Organizations should pay close attention to false positive triggers as well as false negatives, and reevaluate the sensitivity of their episode grouping software accordingly.

Payers and providers will also need to make careful decisions about assigning patients to clinical episodes.

READ MORE: How Payers Can Build a Successful Bundled Payment Strategy

Traditionally, illnesses and conditions have been grouped into “families” representing similar areas of concern or similar outlay of resources to treat.

“As the understanding of these events has grown, so has the specificity with which each is defined, diagnosed and treated,” HCTTF says. “That specificity does not always translate to a meaningful distinction for payment purposes because the resources used to treat the different types of an illness, disease or injury can be similar or almost identical.”

“As such, when selecting the diagnosis codes that identify an episode of care for a bundled payment, decisions must be made about whether to maintain a high degree of specificity (‘splitting’), or to group more broadly (‘lumping’).

Each strategy has its benefits, but each also comes with challenges, as well.

“When episodes are broadly defined, probability risk arises,” the white paper explains. “The more patient categories that exist within a grouper, the more clinical and resource variation will be preserved.”

“However, if episodes are designed too broadly, specific treatments and associated resources can vary so significantly that a change in the internal mix of episode sub-types will have a significant effect. Maintaining too many patient categories will mean some have excessive variation in predicted costs, leading to inaccurate payments. While case mix adjustment can compensate for some of that risk, it may not always reliably do so.”

Overly narrow definitions can lead to low frequency of each type of episode, creating challenges when trying to estimate the costs and revenue for care. 

Too many categories may also create challenges for risk adjustment.  Creating brand new definitions for nearly every patient based on their diagnoses, pre-existing conditions, and socioeconomic issues may defeat the purpose of employing bundles for payment.
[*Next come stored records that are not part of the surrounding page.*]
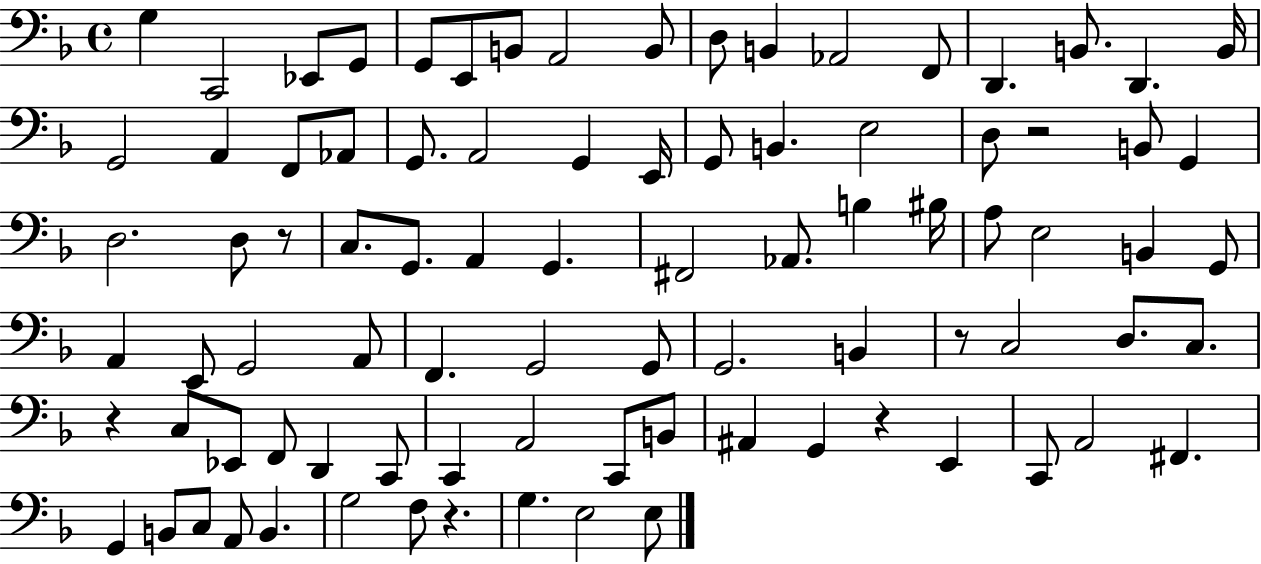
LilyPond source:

{
  \clef bass
  \time 4/4
  \defaultTimeSignature
  \key f \major
  \repeat volta 2 { g4 c,2 ees,8 g,8 | g,8 e,8 b,8 a,2 b,8 | d8 b,4 aes,2 f,8 | d,4. b,8. d,4. b,16 | \break g,2 a,4 f,8 aes,8 | g,8. a,2 g,4 e,16 | g,8 b,4. e2 | d8 r2 b,8 g,4 | \break d2. d8 r8 | c8. g,8. a,4 g,4. | fis,2 aes,8. b4 bis16 | a8 e2 b,4 g,8 | \break a,4 e,8 g,2 a,8 | f,4. g,2 g,8 | g,2. b,4 | r8 c2 d8. c8. | \break r4 c8 ees,8 f,8 d,4 c,8 | c,4 a,2 c,8 b,8 | ais,4 g,4 r4 e,4 | c,8 a,2 fis,4. | \break g,4 b,8 c8 a,8 b,4. | g2 f8 r4. | g4. e2 e8 | } \bar "|."
}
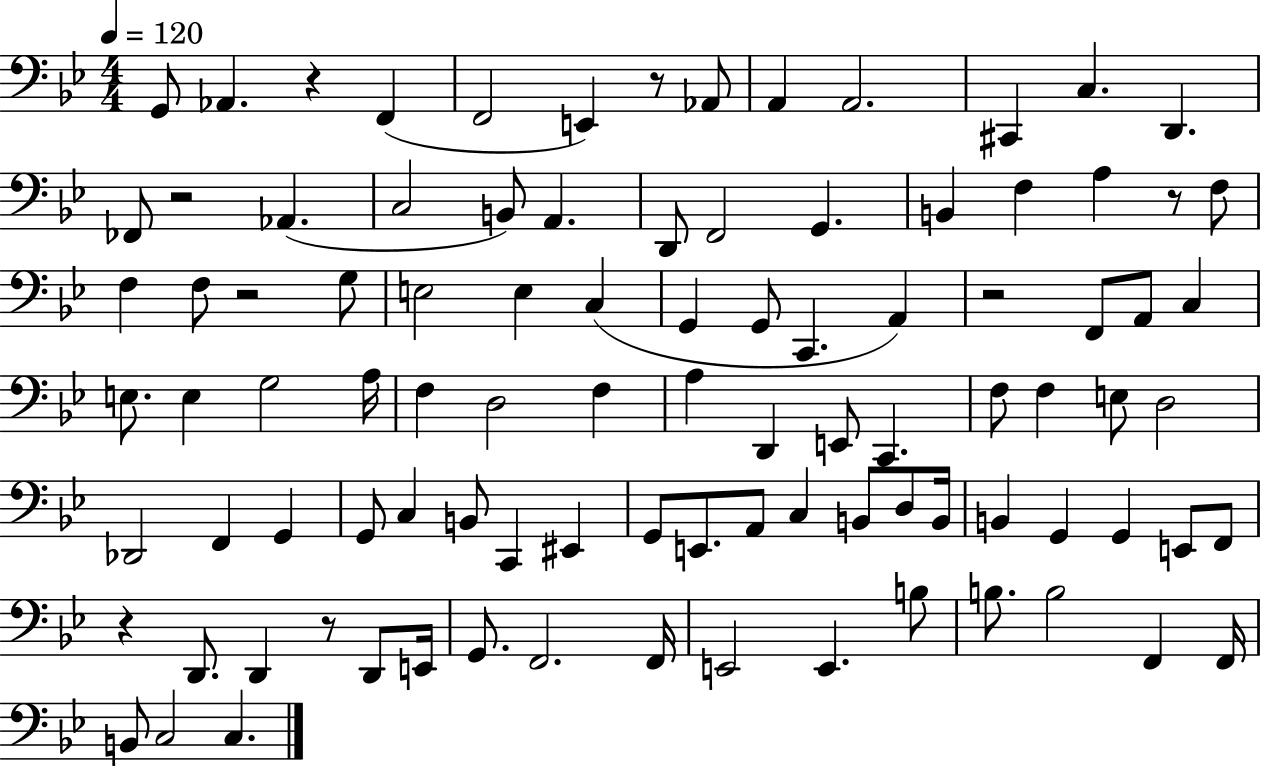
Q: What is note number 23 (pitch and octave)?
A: F3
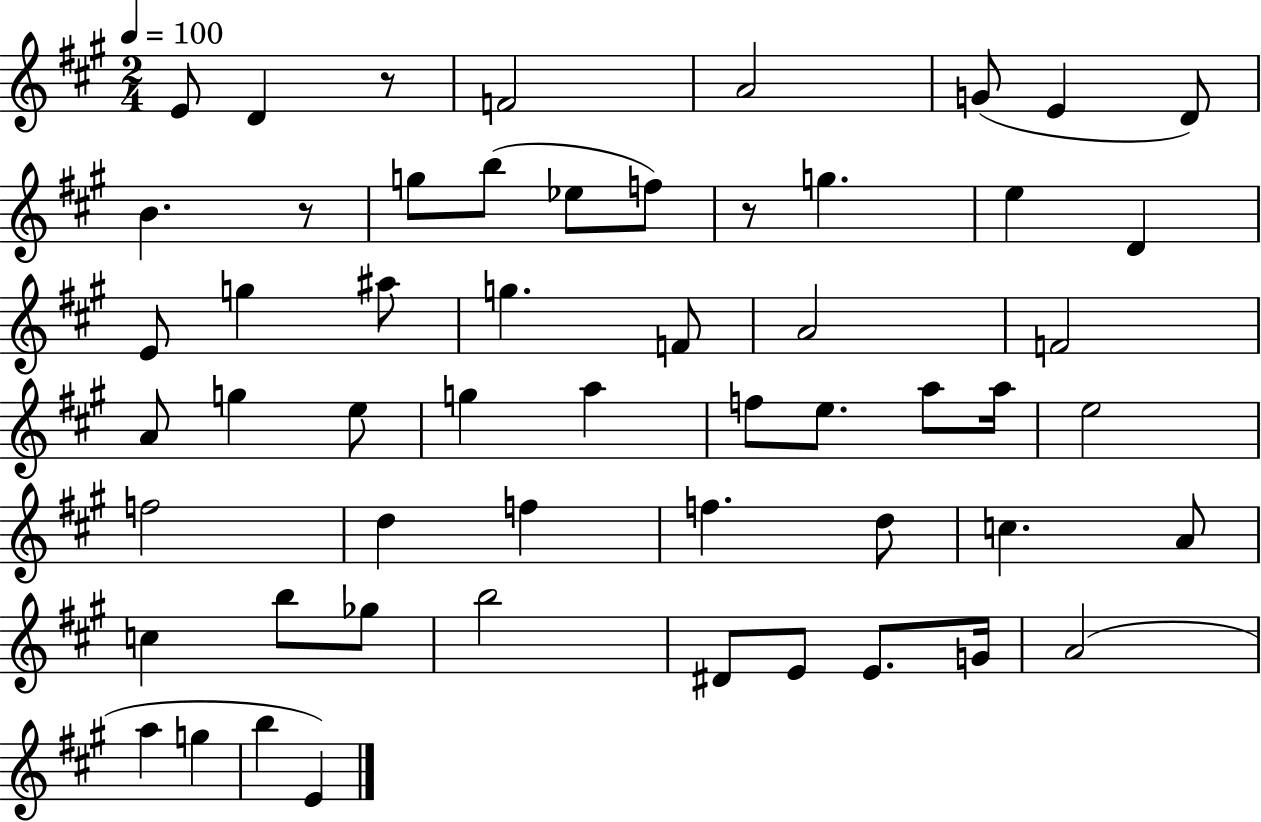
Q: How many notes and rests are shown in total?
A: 55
Payers and providers will need to develop a balanced approach to the right level of granularity for their clinical and financial needs.
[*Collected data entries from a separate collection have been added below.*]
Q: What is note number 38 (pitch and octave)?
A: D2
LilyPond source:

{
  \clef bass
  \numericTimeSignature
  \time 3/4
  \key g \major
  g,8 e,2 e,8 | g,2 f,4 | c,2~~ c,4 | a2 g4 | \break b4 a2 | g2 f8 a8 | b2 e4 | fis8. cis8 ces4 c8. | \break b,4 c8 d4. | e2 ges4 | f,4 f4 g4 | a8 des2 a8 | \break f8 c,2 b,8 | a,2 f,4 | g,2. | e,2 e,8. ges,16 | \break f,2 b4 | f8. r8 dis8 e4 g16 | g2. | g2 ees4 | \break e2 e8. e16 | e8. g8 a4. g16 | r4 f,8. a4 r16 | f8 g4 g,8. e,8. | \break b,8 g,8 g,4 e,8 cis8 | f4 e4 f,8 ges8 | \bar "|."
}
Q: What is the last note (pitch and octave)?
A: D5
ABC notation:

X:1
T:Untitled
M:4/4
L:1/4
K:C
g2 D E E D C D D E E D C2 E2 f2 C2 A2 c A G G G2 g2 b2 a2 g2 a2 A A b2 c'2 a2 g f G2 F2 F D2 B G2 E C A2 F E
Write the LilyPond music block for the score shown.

The last major challenge will be deciding how claims are applied to clinical episodes.

“At a fundamental level, groupers are designed to categorize patient episodes into groups. The process of attributing costs is a second step, after the groups are defined and identified. However, because groups also tend be defined based on resource similarities, the steps tend to be iterative,” the Task Force notes.
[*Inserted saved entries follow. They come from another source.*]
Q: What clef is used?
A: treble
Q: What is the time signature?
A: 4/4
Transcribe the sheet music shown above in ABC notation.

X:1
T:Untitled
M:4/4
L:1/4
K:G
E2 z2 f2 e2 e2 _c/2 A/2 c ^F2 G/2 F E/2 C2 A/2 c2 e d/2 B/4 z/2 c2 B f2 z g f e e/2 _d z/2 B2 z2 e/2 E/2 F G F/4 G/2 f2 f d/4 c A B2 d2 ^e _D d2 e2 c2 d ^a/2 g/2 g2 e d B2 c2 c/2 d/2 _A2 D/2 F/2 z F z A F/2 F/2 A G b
“Depending on the grouper’s focus, the rules for cost attribution are often complex due to multiple diagnosis and procedure codes that may fall within a single patient episode. For example, should the care provided to a patient who was injured in a car accident on the way home from the hospital following hip replacement surgery be included in the episode bundle for the hip replacement?”

Payers must also carefully analyze claims line by line to ensure that every service is appropriately accounted for, the Task Force added.

“Lines typically include a procedure or revenue code, and one or more diagnosis codes to denote the medical reason for the service. Some can be very ambiguous, representing signs or symptoms of a condition or illness rather than the specific condition.”

“Grouping claims to episodes requires making decisions about whether to assign each line separately or assign claims in their entirety,” said the report.

The complexity of managing episode groupers should not be underestimated, the Task Force concluded, and payers will need to work closely together – and with their providers – to create standardized approaches to bundled payments.

“There is not a ‘one-size-fits-all’ approach to episode grouper technology, and the vast array of customizable options can pose significant challenges for both payers looking to implement these technologies and providers who are considering entering into payment arrangements,” said the white paper.

“The information provided in this report will hopefully serve as guidance for those seeking to better understand the underpinnings of episode grouper design.”